令和2年(2020年12月)問36<守秘義務>
宅地建物取引業者の守秘義務に関する次の記述のうち、宅地建物取引業法(以下この問において「法」という。)の規定によれば、正しいものはどれか。
- 宅地建物取引業者は、依頼者本人の承諾があった場合でも、秘密を他に漏らしてはならない。
- 宅地建物取引業者が、宅地建物取引業を営まなくなった後は、その業務上取り扱ったことについて知り得た秘密を他に漏らしても、法に違反しない。
- 宅地建物取引業者は、裁判の証人として、その取り扱った宅地建物取引に関して証言を求められた場合、秘密に係る事項を証言することができる。
- 宅地建物取引業者は、調査の結果判明した法第35条第1項各号に掲げる事項であっても、売主が秘密にすることを希望した場合は、買主に対して説明しなくてもよい。
解答
①の解説:誤り
【問題文】
宅地建物取引業者は、依頼者本人の承諾があった場合でも、秘密を他に漏らしてはならない。
個人情報の取り扱いは、近年どんどん厳しくなっているのは皆さんご存じの通りだと思いますが。
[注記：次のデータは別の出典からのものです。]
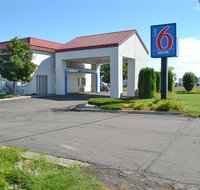 Motel 6 Billings North MT - Accommodation Chicago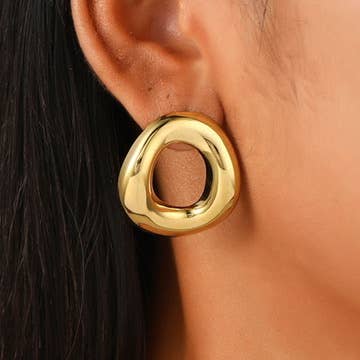 Kait Earrings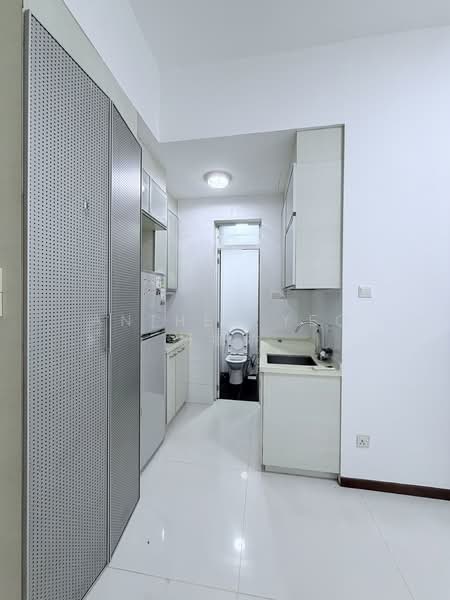 Soho 188, 188 Race Course Road, 1 Bedroom, 341 sqft, Apartment For Rent, by Anthea Yeo 杨丽娇, 500147271 - PropertyGuru.com.sg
本人がその秘密を漏らしてもいいよ。と言っているのであれば、何も問題ないですよね。
そのため、答えは【誤り】です。
シンプルに考えましょう。
②の解説:誤り
【問題文】
宅地建物取引業者が、宅地建物取引業を営まなくなった後は、その業務上取り扱ったことについて知り得た秘密を他に漏らしても、法に違反しない。
宅建業を辞めたら、秘密を漏らしてもいい・・・なんてことは、常識的に考えてもおかしいですよね。
そのため、答えは「誤り」です。
③の解説:正しい
【問題文】
宅地建物取引業者は、裁判の証人として、その取り扱った宅地建物取引に関して証言を求められた場合、秘密に係る事項を証言することができる。
宅地建物取引業者は、原則、業務上知り得た秘密を漏らしてはいけません。
しかし例外として、【正当な理由】がある場合は、秘密を漏らしても問題ありません。
その【正当な理由】は大きく2つあります。
①「本人の承諾」があった場合
②「法律上秘密事項を告げる義務がある(裁判の証人・税務署の質問検査)」場合
となります。
そのため、今回は裁判の証人として法律上秘密事項を告げる義務があるため、秘密を漏らしても問題ない。ということになります。
そのため、答えは【正しい】となります。
④の解説:誤り
【問題文】
宅地建物取引業者は、調査の結果判明した法第35条第1項各号に掲げる事項であっても、売主が秘密にすることを希望した場合は、買主に対して説明しなくてもよい。
重要事項説明書の記載事項というのは、買主の売買を判断するための大切な内容です。
それを秘密にすることができたら、なんのための重要事項説明書?となりますよね。
重要事項説明書の意味を理解していれば、とんでもない話なので、常識的に考えれば簡単ですね。
なので、答えは【誤り】です。
<まとめ 正解:3>
①は、常識問題です。
②は、常識問題です。
③は、常識問題です。
④は、常識問題です。
少し考えれば、どれも簡単に答えることが出来る問題でした。